On October 22, he was taken to join some 650 or so other prisoners on the prison hulk Dolphin at Chatham. He spent six months incarcerated before beginning his long journey with 191 other convicts on board the convict ship William Miles, bound for Van Dieman’s Land. It left Downs, Ireland on March 24, 1828. The journey lasted 127 days with the ship arriving, seven convicts lighter, in Hobart on 29 July, 1828.
Edward did not have a happy time of it and is mentioned repeatedly in convict records from the island. Amongst them:
OFFENCE – 17 February 1831: Idleness & general bad conduct
Sentence: Ch Gang 6 Mos & retd to PW
OFFENCE – 7 January 1832: Neglect of duty & insolence
Sentence: 50 lashes & retd to his party
OFFENCE – 5 March 1835: Gross misconduct in having thrown an Axe at One of his Masters Bullocks by which it received a severe cut on its hind leg
Sentence: 50 Lashes and to be retd Grass Tree Hill Rd Party
OFFENCE – 20 September 1837: Disordy conduct in Striking his Master on Sunday
Sentence: 48 hours soly impt on B&W
(With thanks to http://www.founders-storylines.com)
Edward was still serving – though nearing the end of – his sentence, when in March 1841, he received 10 days’ hard labour for misconduct.
He eventually obtained his certificate of freedom on September 13, 1841 – fourteen years almost to the ill-fated day, that he received his sentence for stealing a watch.
Despite his troubles with the authorities, Edward remained in Australia, eventually settling in Newmarket, near Carisbrook, Victoria.

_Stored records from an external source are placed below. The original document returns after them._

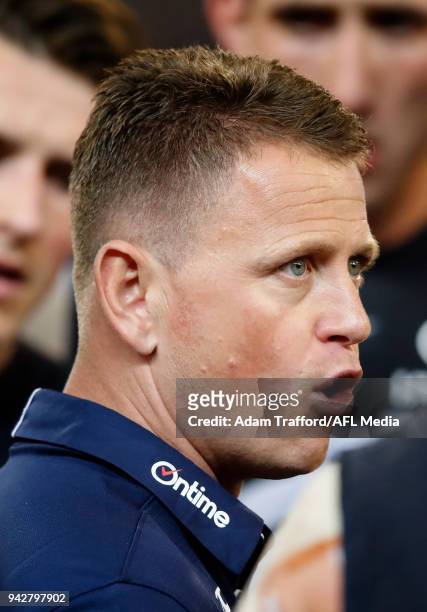 Brendon Bolton, Senior Coach of the Blues addresses his players during the 2018 AFL round 03 match between the Carlton Blues and the Collingwood...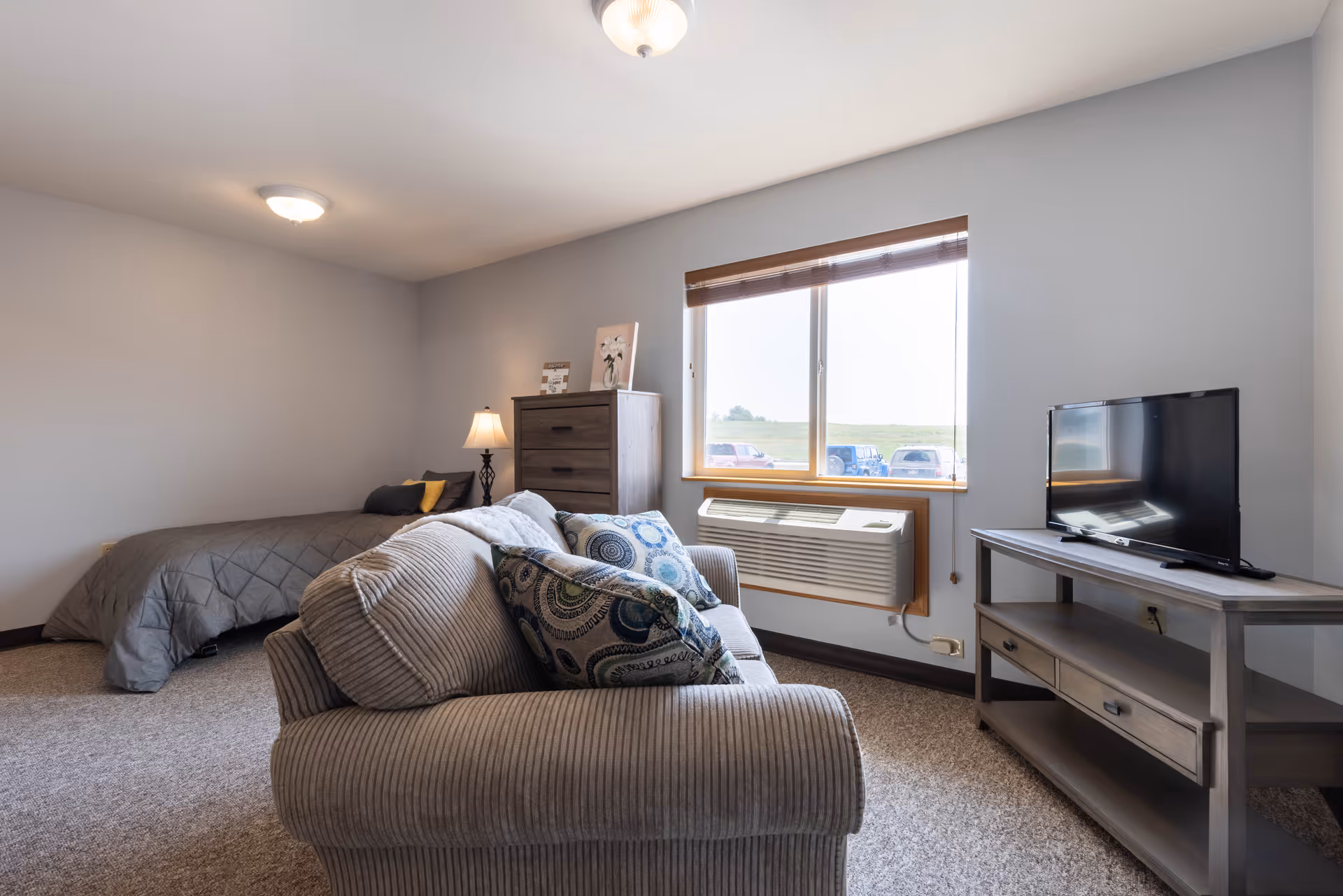 A cozy senior living bedroom featuring a bed with gray bedding, a wooden dresser with a lamp and decorative items, a window with a view of parked cars outside, a wall-mounted air conditioning unit below the window, a TV on a wooden stand, and a comfortable armchair with patterned cushions in the foreground.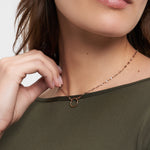 Frau trägt ein olivgrünes Oberteil und die Tamaris Halskette - Charm Series, eine zarte Goldkette mit rundem Anhänger von Tamaris - perfekter eleganter Schmuck für jeden Anlass.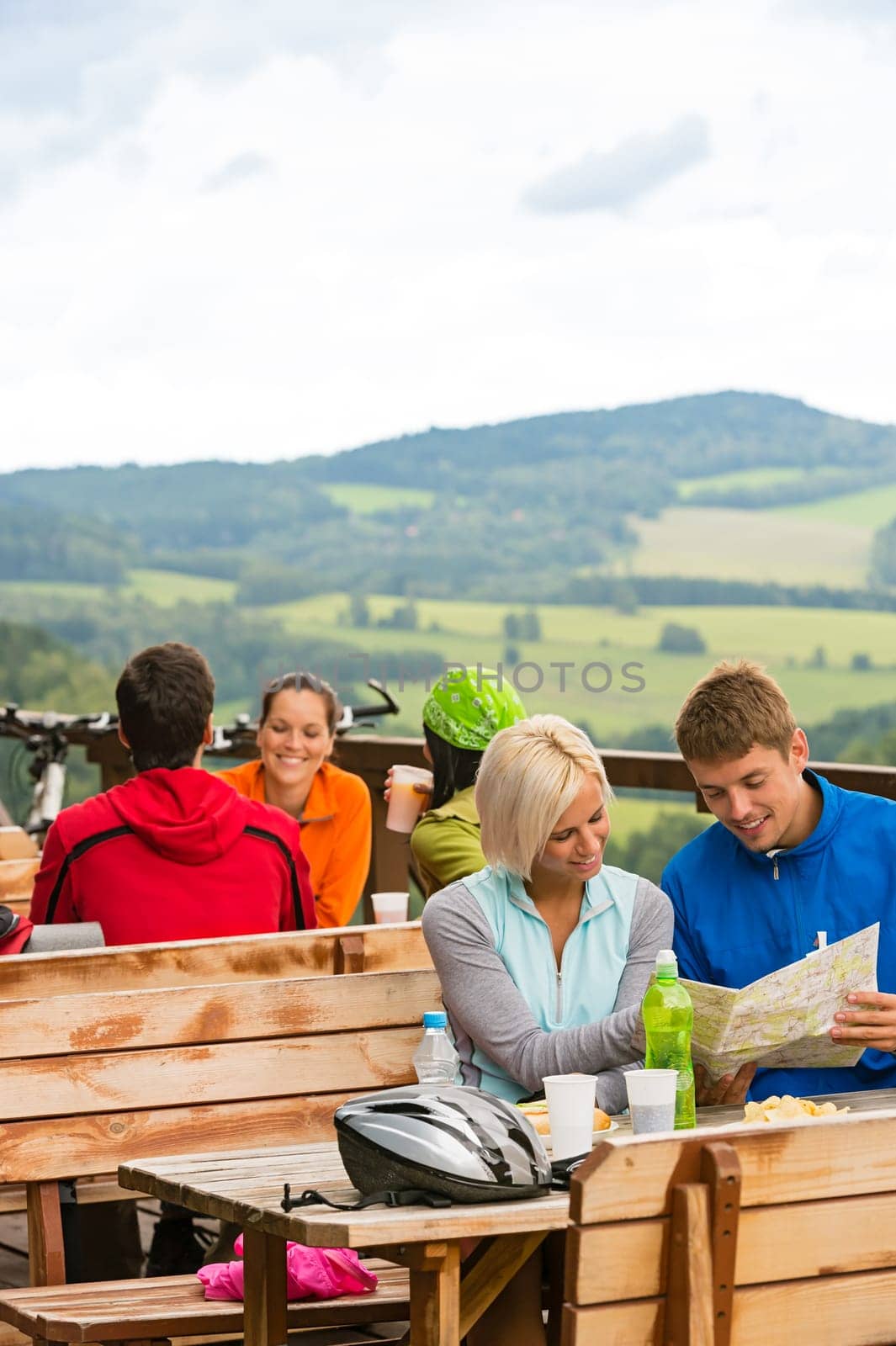 Smiling young couple resting looking at map sitting mountain countryside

He was listed a householder there in 1857.
* Not strictly true as the previous year, Edward spent three months in a house of correction for stealing, on the 28th of January, 8lbs. weight of linen rags, value 2s., and 1 piece of carpet, value 6d. from Ann Hyde , widow .
(Altogether, 73,000 men women and children were transported to Van Diemen’s Land.)